Saturday, April 17, 2010

Electrons: Is there Anything They Can't Do?

When Ben Franklin went out in a thunderstorm and flew his kite, he knew he wanted to capture the power of lightning, but he didn’t know what lightning was made of. He had no idea about ions or electrons. He wanted to prove that lightning was a form of electricity. But he didn’t know what electricity was. But he was the first to recognize that it consisted of positive and negative charges.

A hundred years later, Thomas Edison still knew nothing of electrons, but that didn’t keep him from inventing devices that put them to good use. His electric light bulb, for example, used the flow of electrons in a wire to create a bright glow. The glow is caused by the intense heat produced by the resistance in the wire to the flow of electrons through it.

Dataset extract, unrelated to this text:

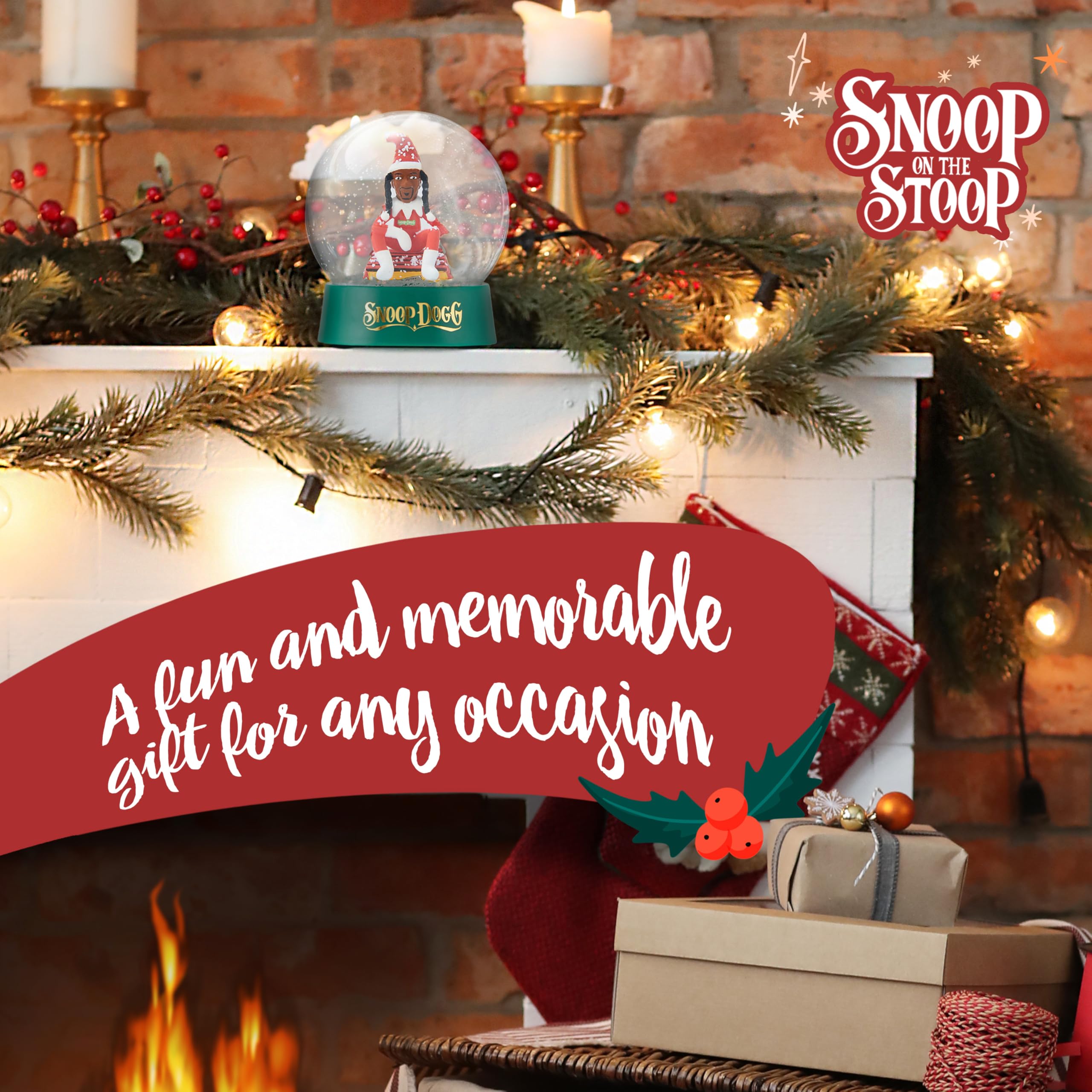 Snoop Dogg Snoop on The Stoop Snow Globe, Christmas Decorations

An electron is the negatively-charged particle that orbits the nucleus of an atom. The nucleus consists of positively-charged protons and neutral neutrons. Electrons have almost no mass. But because they orbit far from the atomic nucleus, they sometimes are able to escape their atomic home and flow freely through the environment. A flow of electrons en masse is what we call electricity.

The flow of electrons is called an electric current. And since Edison’s time, humans have learned how to control and manipulate that flow of electrons in order to accomplish things that neither Franklin nor Edison could have imagined.

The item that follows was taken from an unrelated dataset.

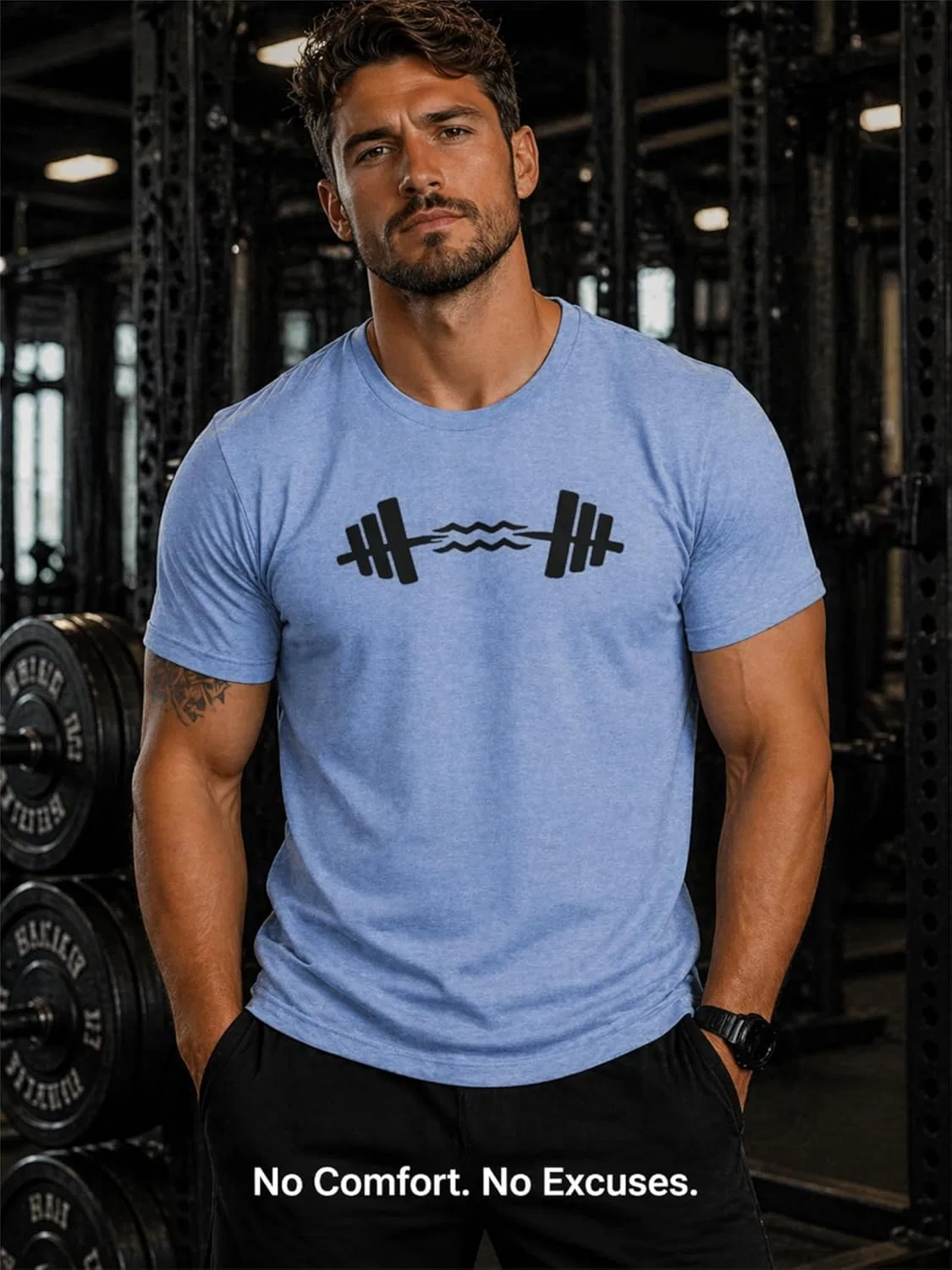 Футболка для тренировок Aquarius Gym Shirt, Heather Heavy Metal — фото 3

We have learned that electrons can be made to move in a wire by exposing that wire to a moving magnetic field. We have also learned how to extract electrons from a chemical reaction, which is how we get batteries. Once electrons are set into motion in a wire, we can do all kinds of beneficial things with them.

One of the simplest things we can make electrons do is produce heat, by sending them through a wire or element that resists their flow. This is useful if we want to produce heat to cook with or to heat our homes. When heat is produced, light can also be produced, since both light and heat are radiation in different parts of the same electromagnetic spectrum. Edison’s challenge was to find a material that would get white hot without losing physical integrity. He found it in the element tungsten.

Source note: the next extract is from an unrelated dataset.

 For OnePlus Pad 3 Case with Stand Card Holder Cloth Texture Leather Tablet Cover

But electrons can do so much more than produce heat and light. Electrons, since they react to a magnetic field, can also be made to produce a magnetic field. And since magnets can be used to attract certain metals, electromagnets (magnets made by running electrons through a coil of wire) can be used to make metallic wheels spin. Arranging these wheels in a manner that causes them to do beneficial work makes an electric motor.

Using semiconducting elements such as gallium, arsenic, and silicon, we have learned how to control the flow of electrons. We can manipulate the flow of electrons using what are called logic gates. These are similar to switches that allow electrons to flow when turned on or stop the flow when turned off.

By arranging a series of logic gates in complex ways, and by assigning a value such as 1 or 0 to the output, we can use the logic gates to perform any mathematical function. This is the basis for how computers work.

When electrons jump around in an atom, going from one energy level to another in their orbits, they either absorb light or emit it. By causing electrons to absorb energy and then release it at a certain frequency, we can produce specific colors of light. This is how we get light-emitting diodes, or LEDs. We can also use LEDs to produce laser light.

We have learned how to use semiconductors to control how electrons respond to light. In a digital camera, for example, the light that enters the lens strikes an electronic component called a charge coupled device (CCD) or complementary metal oxide semiconductor (CMOS). Photons of light striking either of these devices set electrons in motion in a particular way. This causes an electric charge which can be transmitted out of the capturing device and saved as a picture element (pixel) of a digital image.

Over the past 100 years we have tamed the electron and made it out slave. From the humble beginnings of electric circuits used only to produce light or heat, we now can manipulate the flow of electrons in many ways. We still depend on the flow of electrons to produce our artificial light and in some cases to cook our food and heat our homes. But now electrons do so much more for us.

We rely on them to provide our entertainment by running our television sets, video games, DVD players, and music devices. We also rely on them for our global communication needs. The precise control of electrons within a circuit runs our computers and our cell phones.

In fact, it would be difficult to imagine living in a world without the manipulated flow of electrons. Is there anything they can’t do?